** Opening LISTED ENTRIES block **

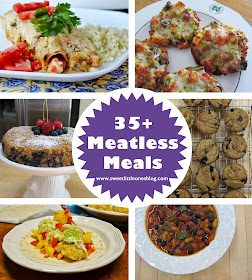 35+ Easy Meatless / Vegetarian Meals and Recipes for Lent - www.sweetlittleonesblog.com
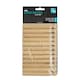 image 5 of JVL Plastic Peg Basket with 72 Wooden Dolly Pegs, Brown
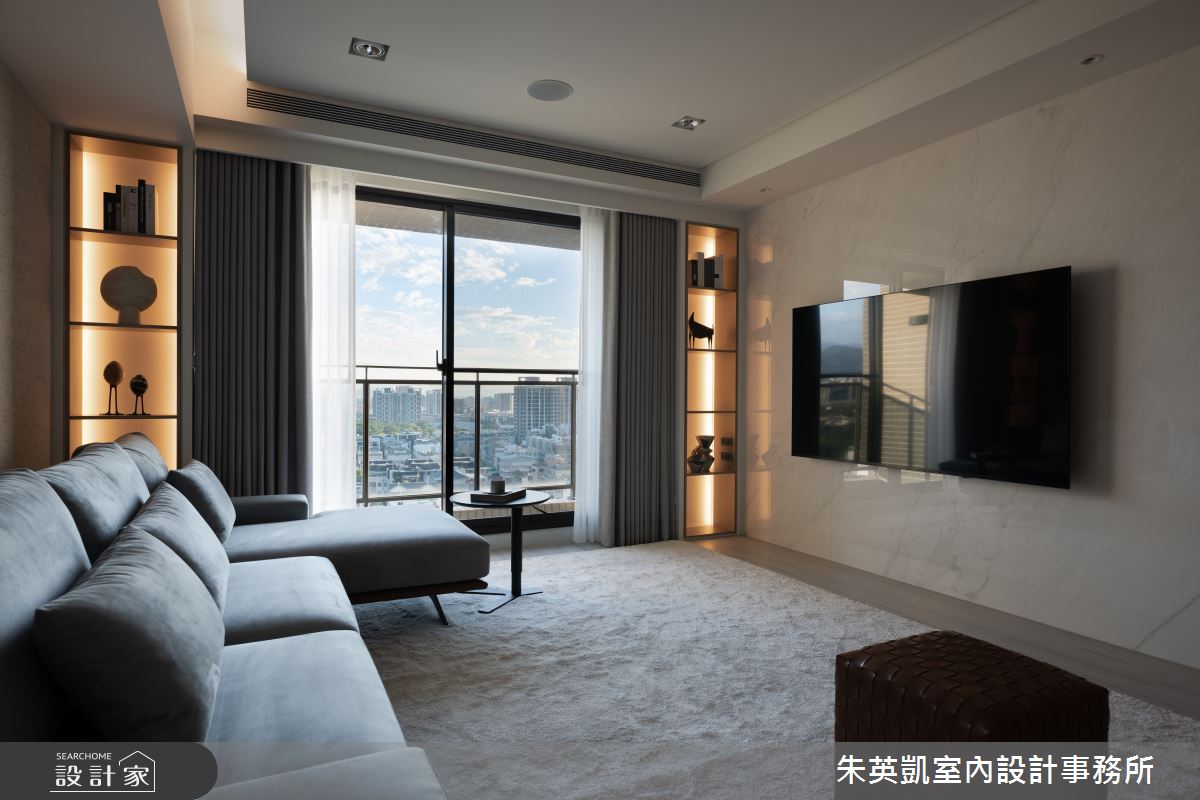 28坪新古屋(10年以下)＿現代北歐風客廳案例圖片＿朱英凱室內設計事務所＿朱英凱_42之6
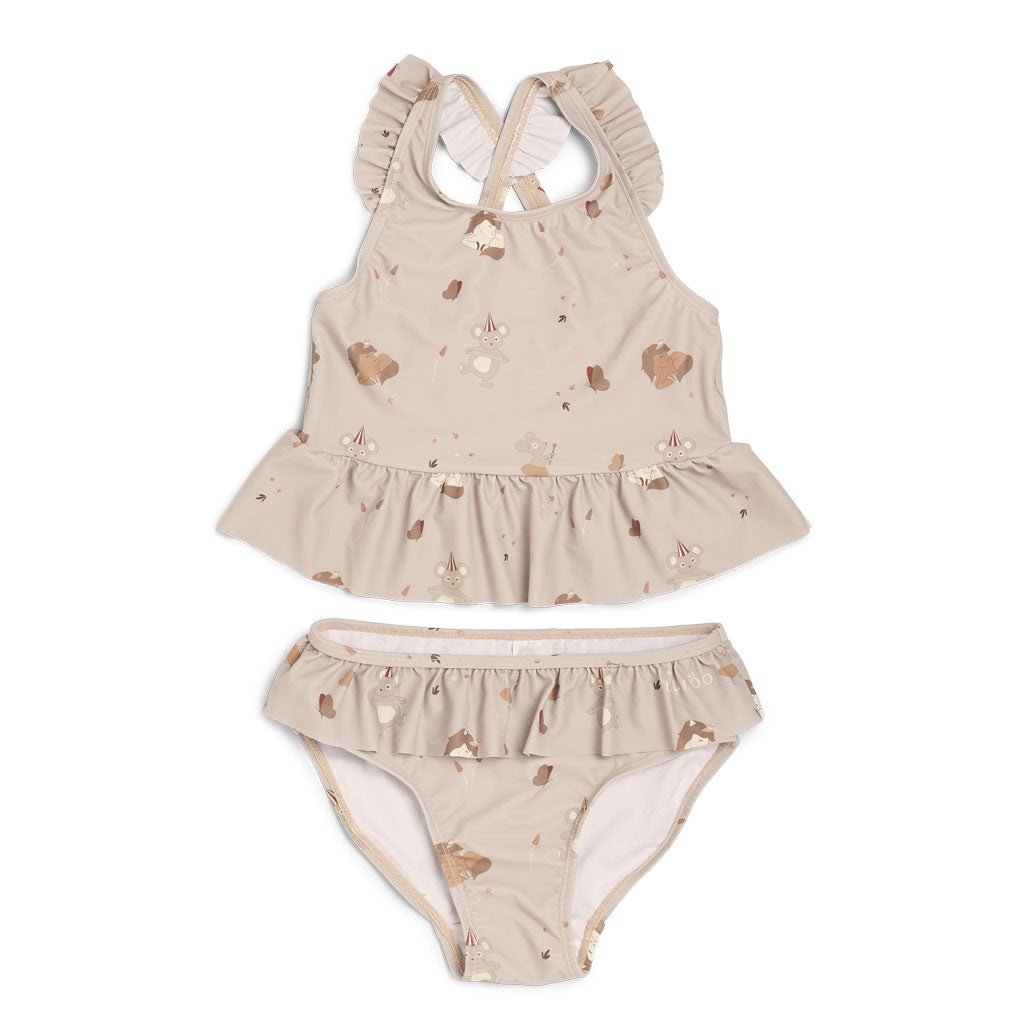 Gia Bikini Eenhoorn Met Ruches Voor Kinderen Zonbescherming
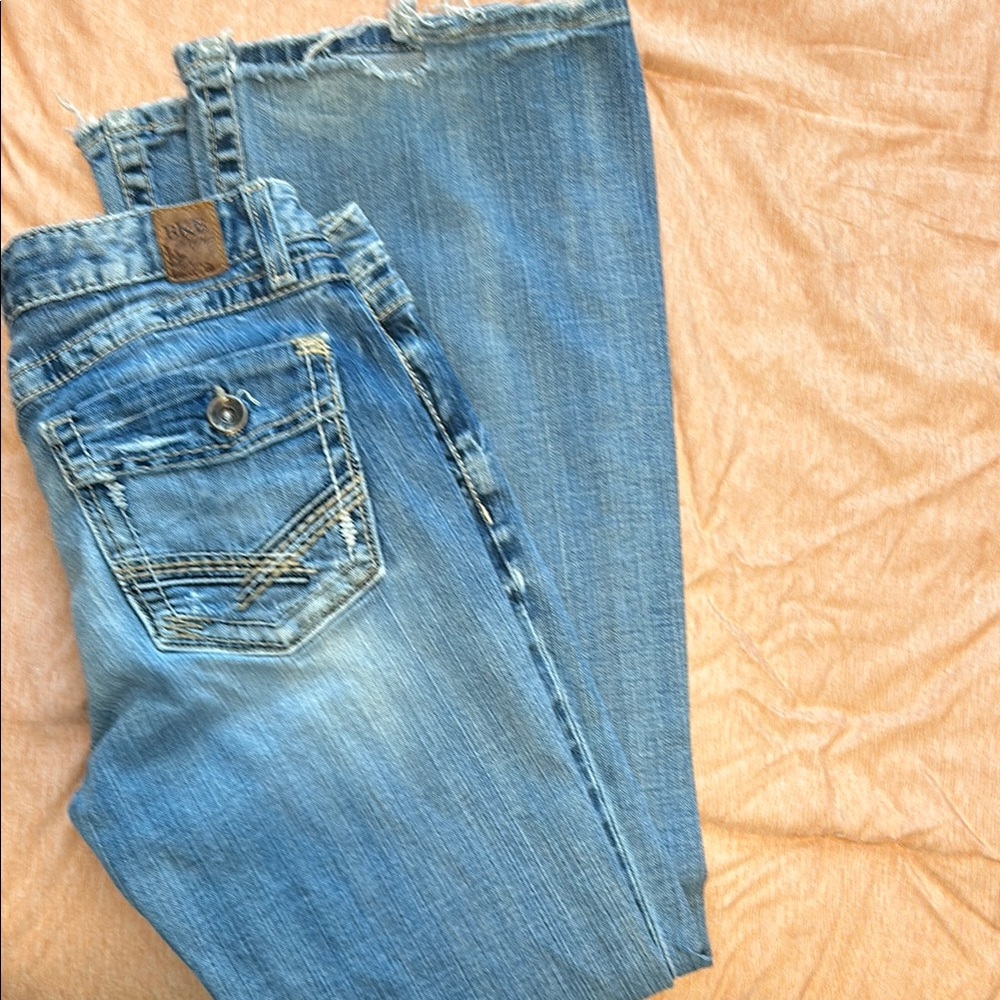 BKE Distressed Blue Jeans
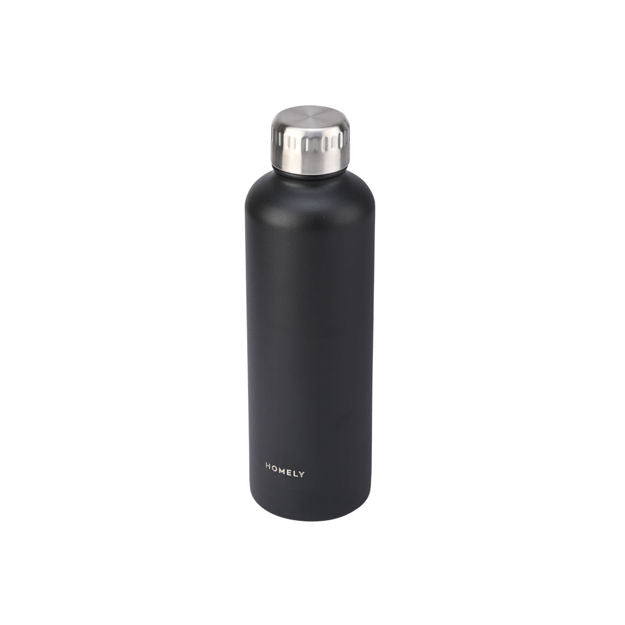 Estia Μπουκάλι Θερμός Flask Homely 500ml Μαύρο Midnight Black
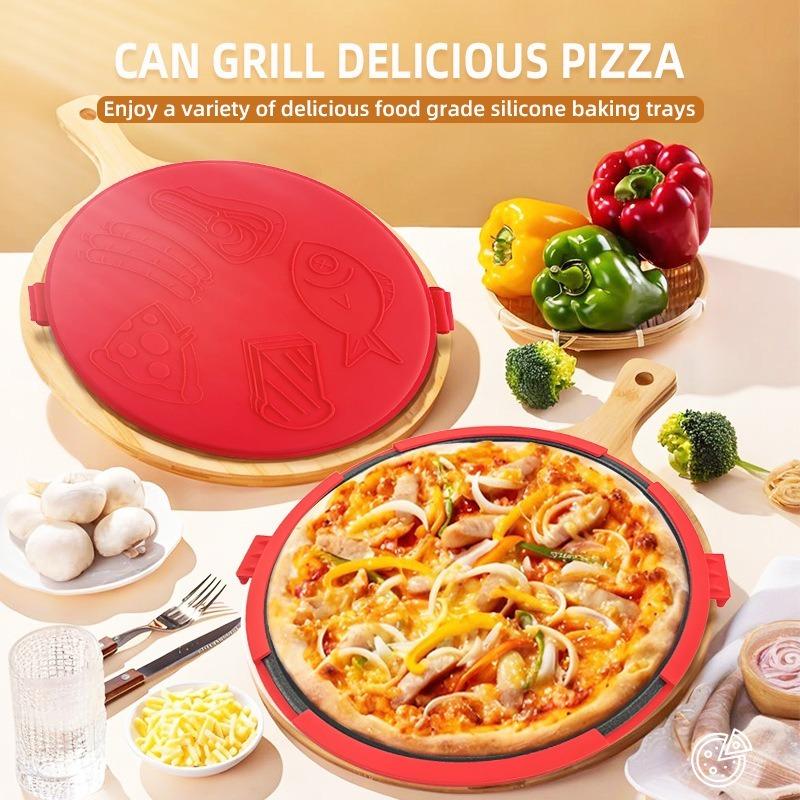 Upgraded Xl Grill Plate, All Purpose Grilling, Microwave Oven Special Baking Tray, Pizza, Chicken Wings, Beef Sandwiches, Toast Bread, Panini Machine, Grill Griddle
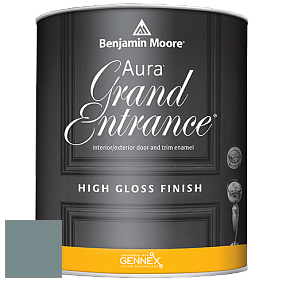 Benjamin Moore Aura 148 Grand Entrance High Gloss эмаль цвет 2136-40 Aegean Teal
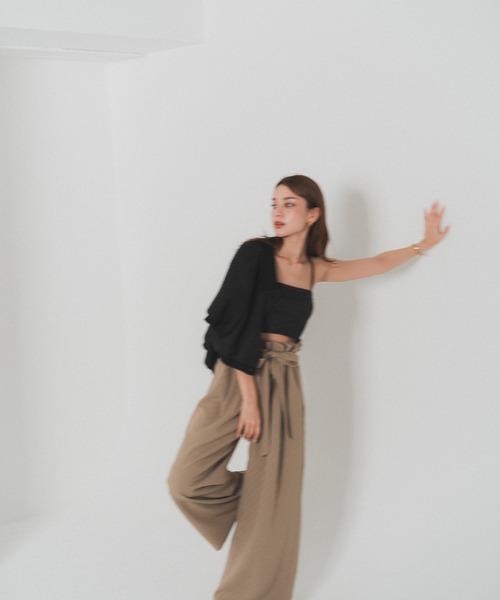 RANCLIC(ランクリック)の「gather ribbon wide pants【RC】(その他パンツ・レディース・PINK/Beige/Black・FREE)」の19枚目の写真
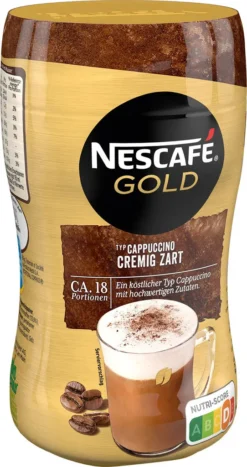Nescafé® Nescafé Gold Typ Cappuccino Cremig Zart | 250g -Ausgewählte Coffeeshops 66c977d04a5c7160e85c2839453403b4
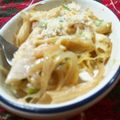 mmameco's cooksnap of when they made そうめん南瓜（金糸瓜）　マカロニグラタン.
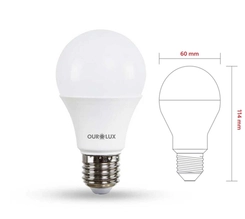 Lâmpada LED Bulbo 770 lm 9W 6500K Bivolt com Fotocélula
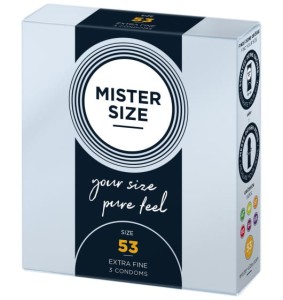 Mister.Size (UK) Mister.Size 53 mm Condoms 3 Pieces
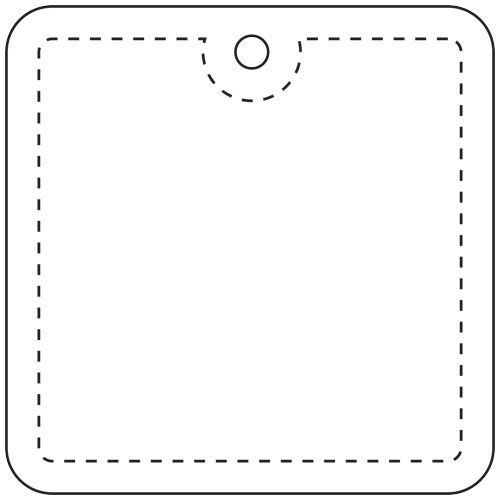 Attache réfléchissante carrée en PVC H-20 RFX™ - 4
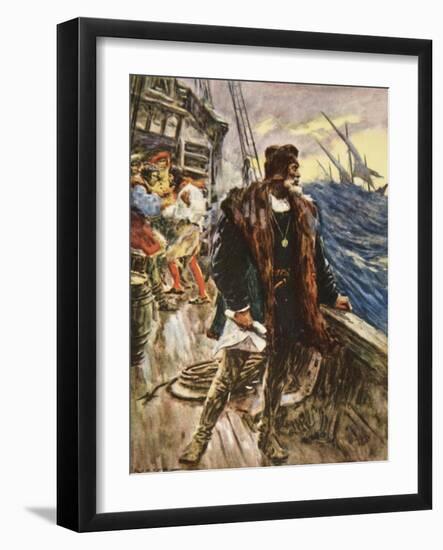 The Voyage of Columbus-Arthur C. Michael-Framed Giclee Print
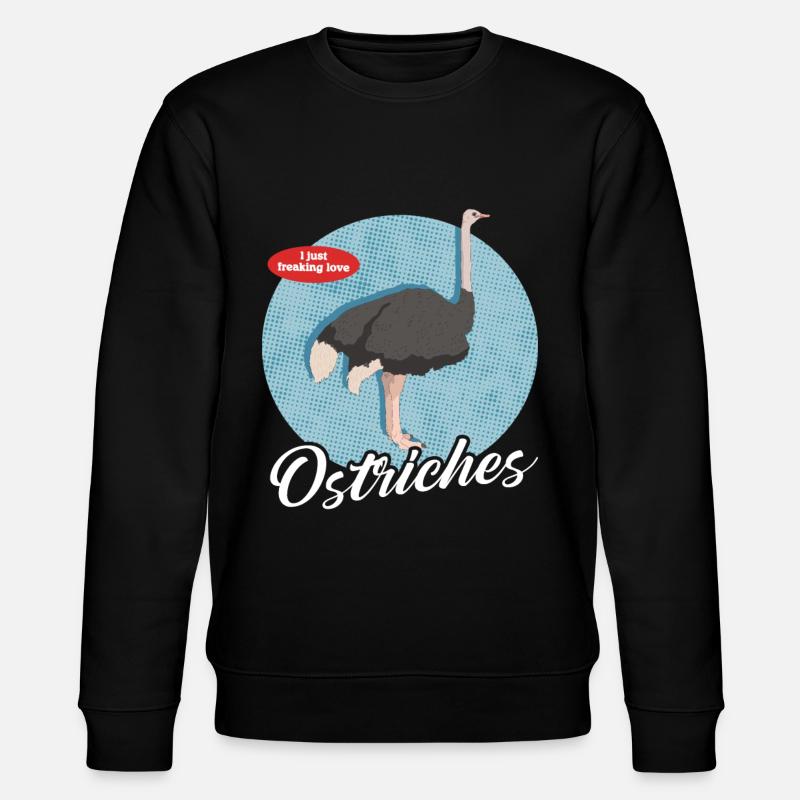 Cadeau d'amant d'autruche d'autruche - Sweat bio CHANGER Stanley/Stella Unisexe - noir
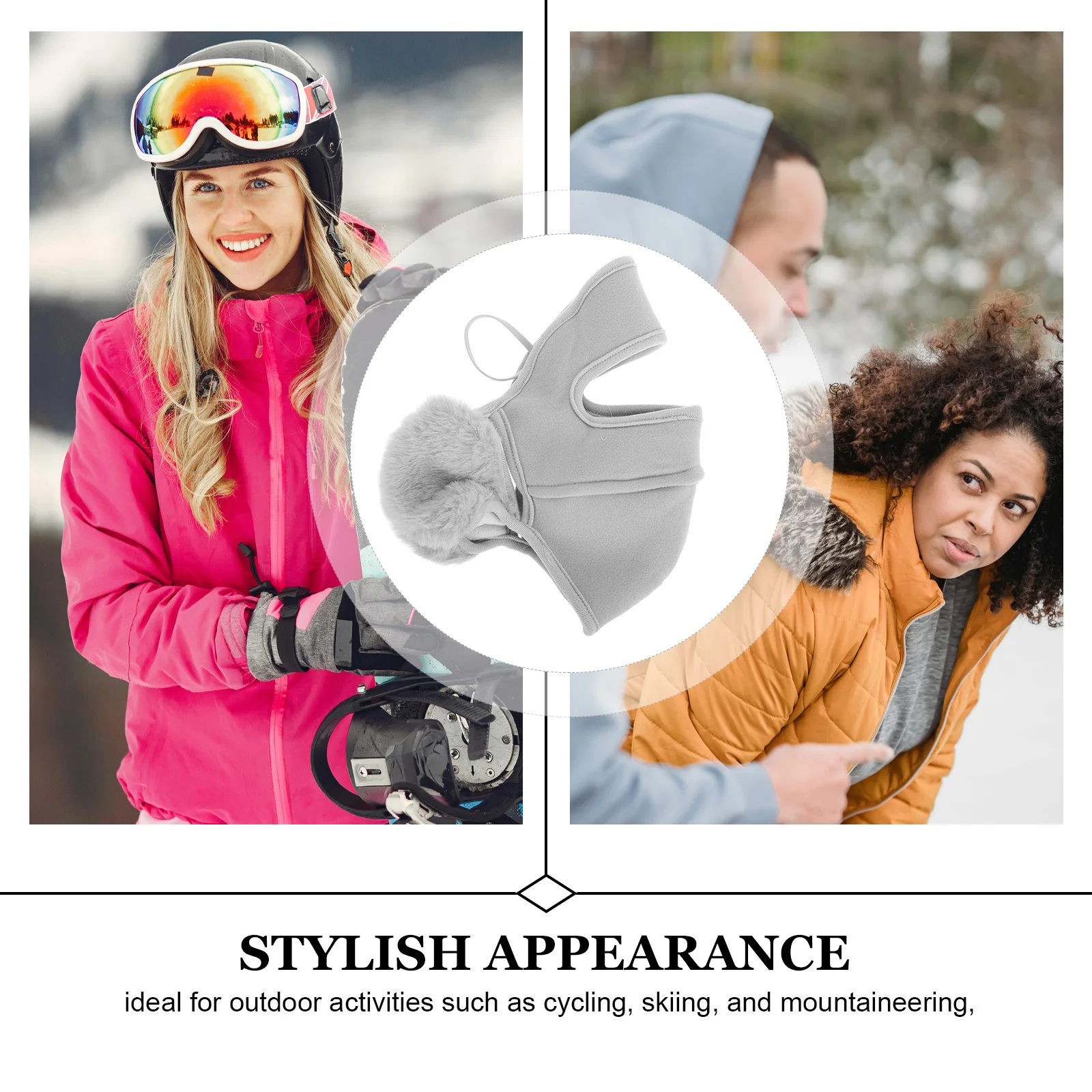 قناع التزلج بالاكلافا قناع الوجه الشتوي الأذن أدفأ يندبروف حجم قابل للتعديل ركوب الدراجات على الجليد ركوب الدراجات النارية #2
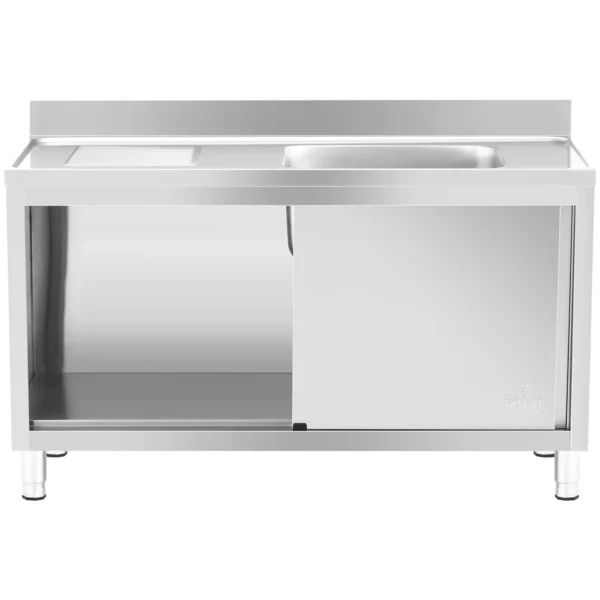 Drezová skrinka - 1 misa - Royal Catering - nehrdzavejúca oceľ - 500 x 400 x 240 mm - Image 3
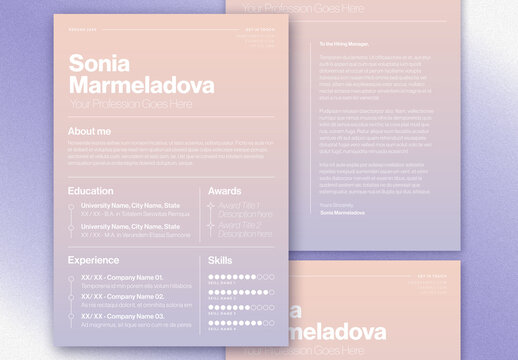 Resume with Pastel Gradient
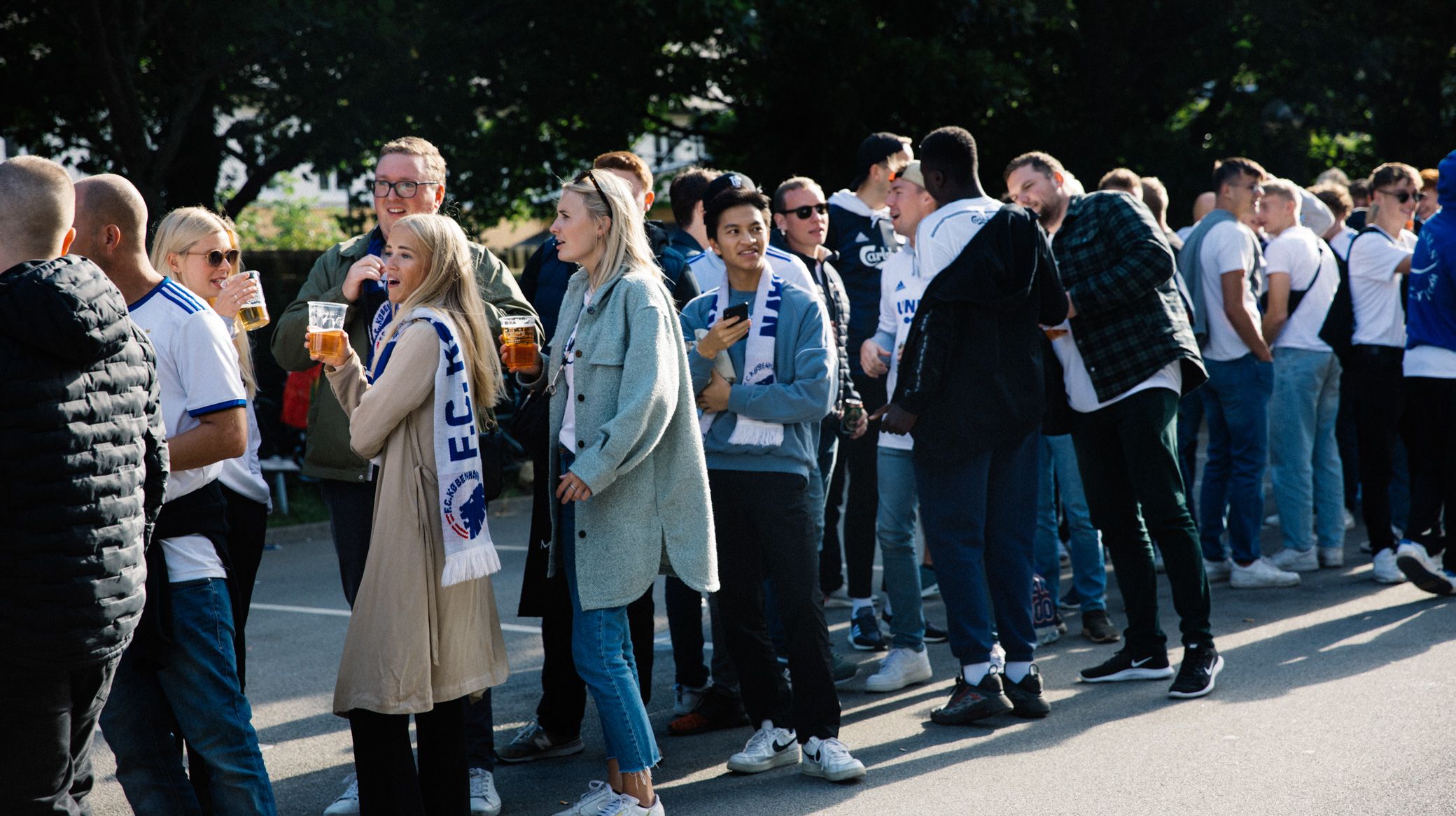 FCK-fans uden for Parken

** Closing LISTED ENTRIES block **

• TASK DESCRIPTION: Begin with the first line of the entries above and write out each line exactly, ending with the line containing "قناع التزلج بالاكلافا". Leave out pictures.

• WORKED SOLUTION:
 35+ Easy Meatless / Vegetarian Meals and Recipes for Lent - www.sweetlittleonesblog.com
 image 5 of JVL Plastic Peg Basket with 72 Wooden Dolly Pegs, Brown
 28坪新古屋(10年以下)＿現代北歐風客廳案例圖片＿朱英凱室內設計事務所＿朱英凱_42之6
 Gia Bikini Eenhoorn Met Ruches Voor Kinderen Zonbescherming
 BKE Distressed Blue Jeans
 Estia Μπουκάλι Θερμός Flask Homely 500ml Μαύρο Midnight Black
 Upgraded Xl Grill Plate, All Purpose Grilling, Microwave Oven Special Baking Tray, Pizza, Chicken Wings, Beef Sandwiches, Toast Bread, Panini Machine, Grill Griddle
 Benjamin Moore Aura 148 Grand Entrance High Gloss эмаль цвет 2136-40 Aegean Teal
 RANCLIC(ランクリック)の「gather ribbon wide pants【RC】(その他パンツ・レディース・PINK/Beige/Black・FREE)」の19枚目の写真
Nescafé® Nescafé Gold Typ Cappuccino Cremig Zart | 250g -Ausgewählte Coffeeshops 66c977d04a5c7160e85c2839453403b4
 mmameco's cooksnap of when they made そうめん南瓜（金糸瓜）　マカロニグラタン.
 Lâmpada LED Bulbo 770 lm 9W 6500K Bivolt com Fotocélula
 Mister.Size (UK) Mister.Size 53 mm Condoms 3 Pieces
 Attache réfléchissante carrée en PVC H-20 RFX™ - 4
 The Voyage of Columbus-Arthur C. Michael-Framed Giclee Print
 Cadeau d'amant d'autruche d'autruche - Sweat bio CHANGER Stanley/Stella Unisexe - noir
 قناع التزلج بالاكلافا قناع الوجه الشتوي الأذن أدفأ يندبروف حجم قابل للتعديل ركوب الدراجات على الجليد ركوب الدراجات النارية #2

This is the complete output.